ACTION ITEM => Word for word, transcribe every line from the one holding "Wooden Bed Risers" through the end of the records, but not the pictures.

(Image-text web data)
------------------------------
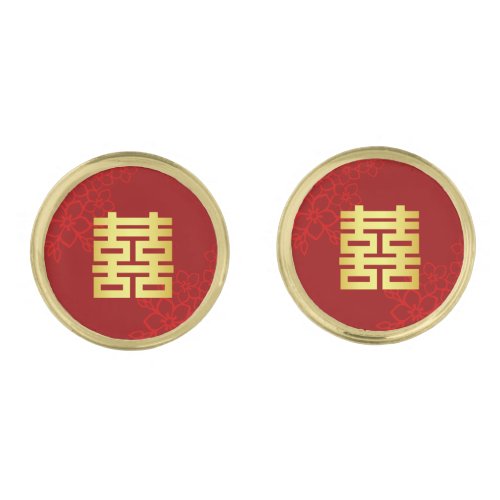 Double happiness floral background Chinese wedding Cufflinks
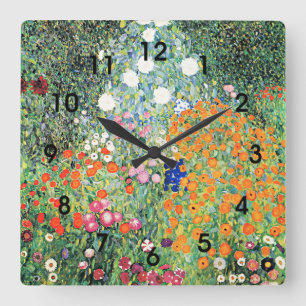 Gustav Klimt - Blumengarten, Quadratische Wanduhr
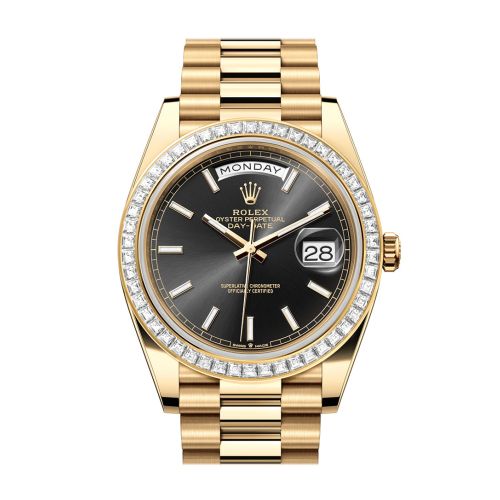 Rolex Day-Date 40 Black Dial Baguette Diamond Bezel 18K Yellow Gold President Men's Watch 228398TBR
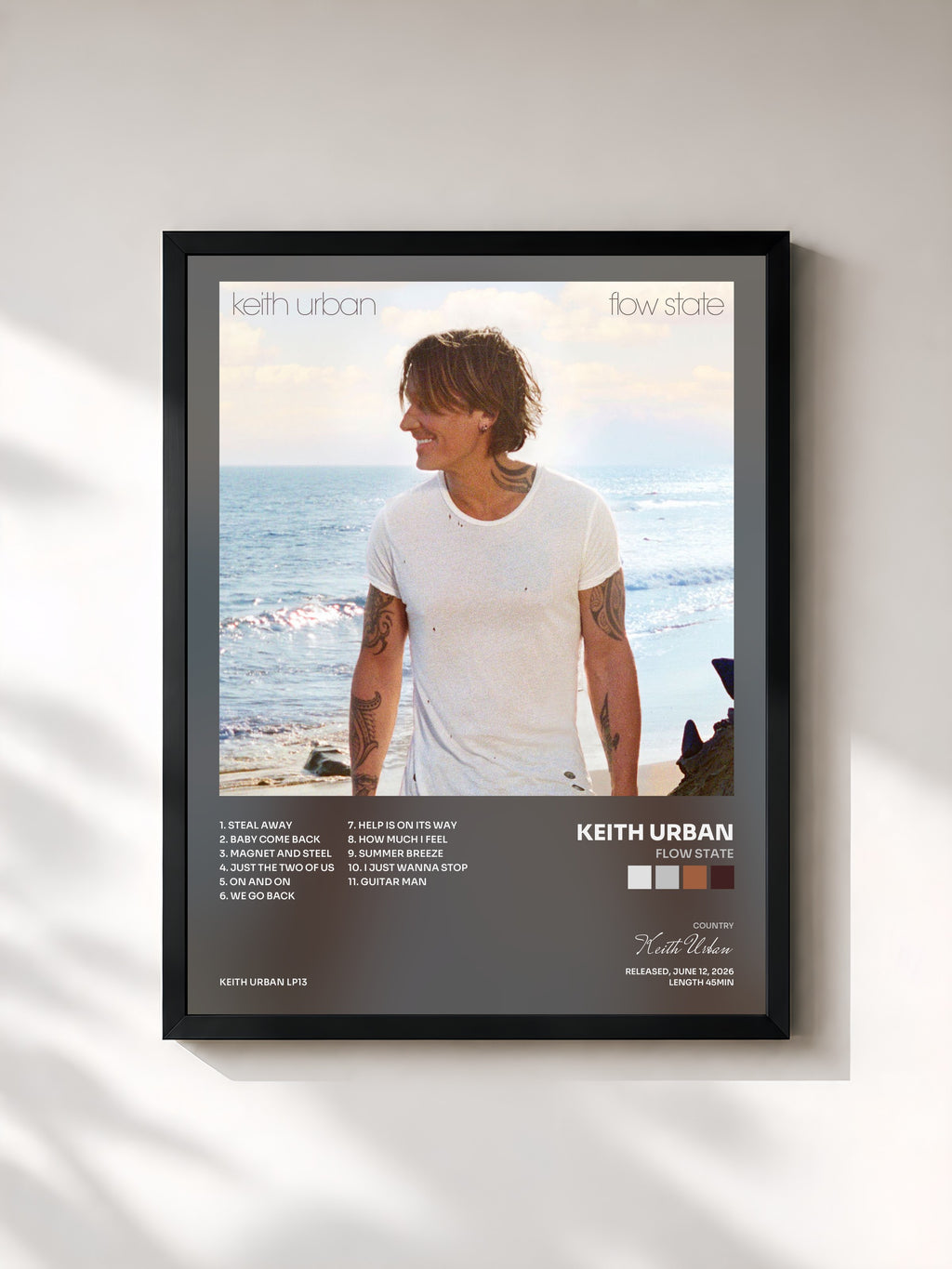 #noir Tableau de l'album flow state de Keith Urban, cadre noir, imprimé et encadré en France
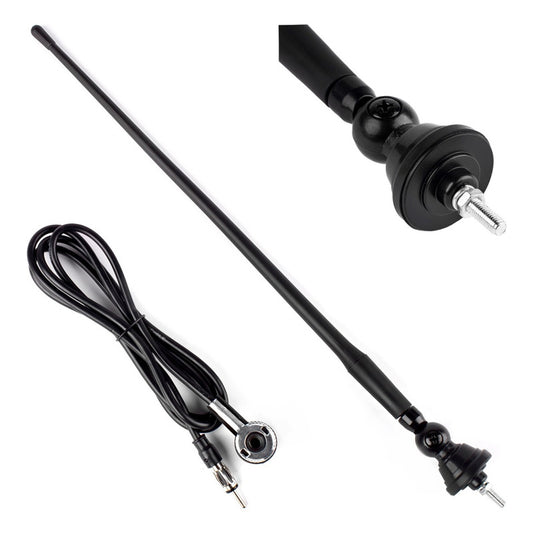 Antena De Radio Am/fm Para Auto 34cm + Base + Cable 140cm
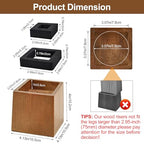 Wooden Bed Risers 4 Inch Heavy Duty, Support 2500 lbs, Retro Brown - color: Retro Brown, size: 4"H(Inner 3"H)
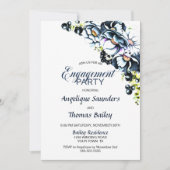 Aangepaste foto Blauwe Gray Floral Engagement Part Kaart (Voorkant)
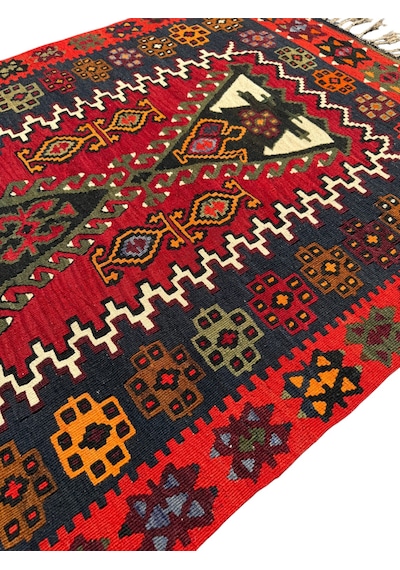 El Dokuma Sıfır Eski Antik Karapınar Kilimi 103x146 Kök Boya %100 Yün Kilim
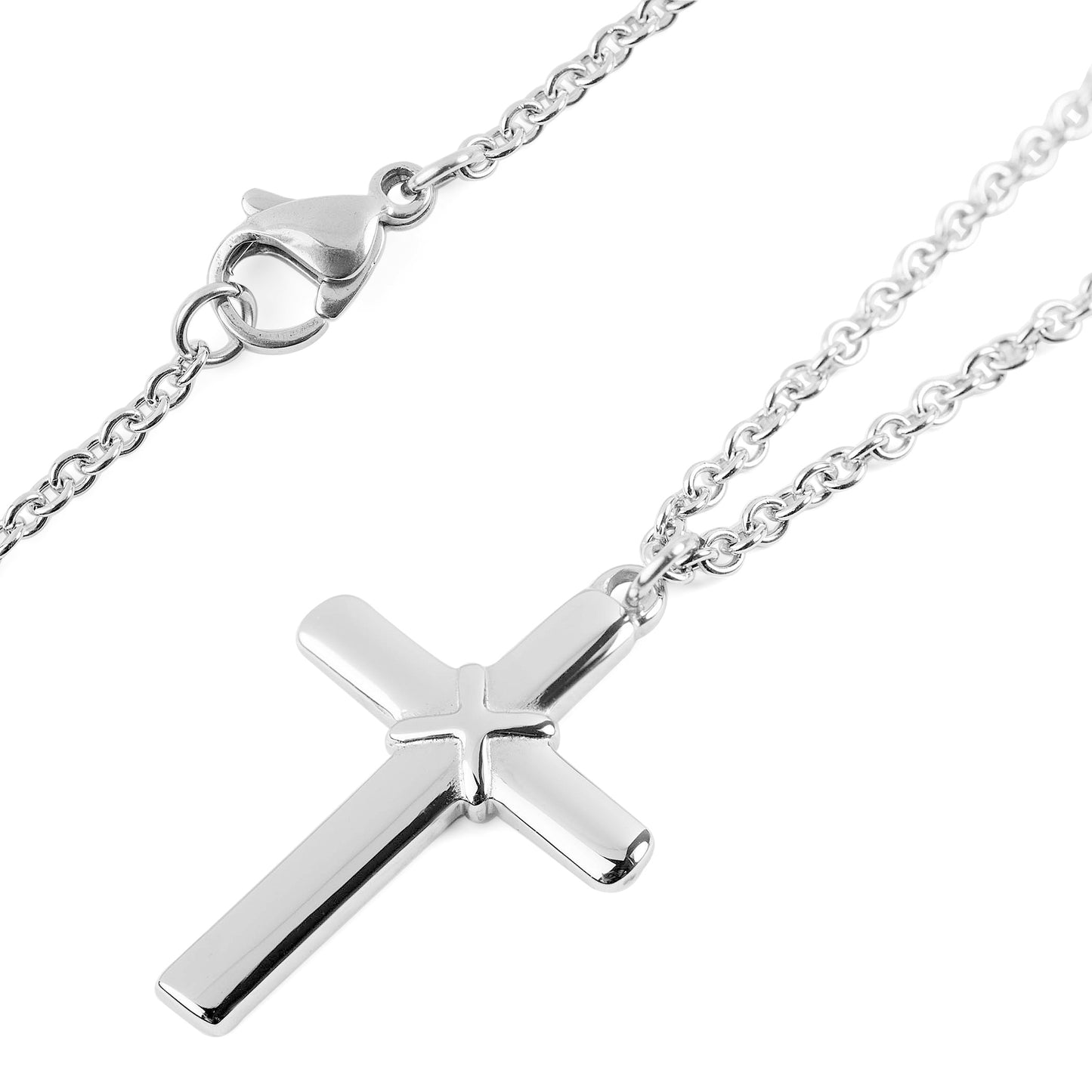 ELYA Women's Polished Cross Pendant Stainless Steel Necklace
------------------------------
OUTPUT FOR THIS EXERCISE =>
 Wooden Bed Risers 4 Inch Heavy Duty, Support 2500 lbs, Retro Brown - color: Retro Brown, size: 4"H(Inner 3"H)
 Aangepaste foto Blauwe Gray Floral Engagement Part Kaart (Voorkant)
 El Dokuma Sıfır Eski Antik Karapınar Kilimi 103x146 Kök Boya %100 Yün Kilim
 ELYA Women's Polished Cross Pendant Stainless Steel Necklace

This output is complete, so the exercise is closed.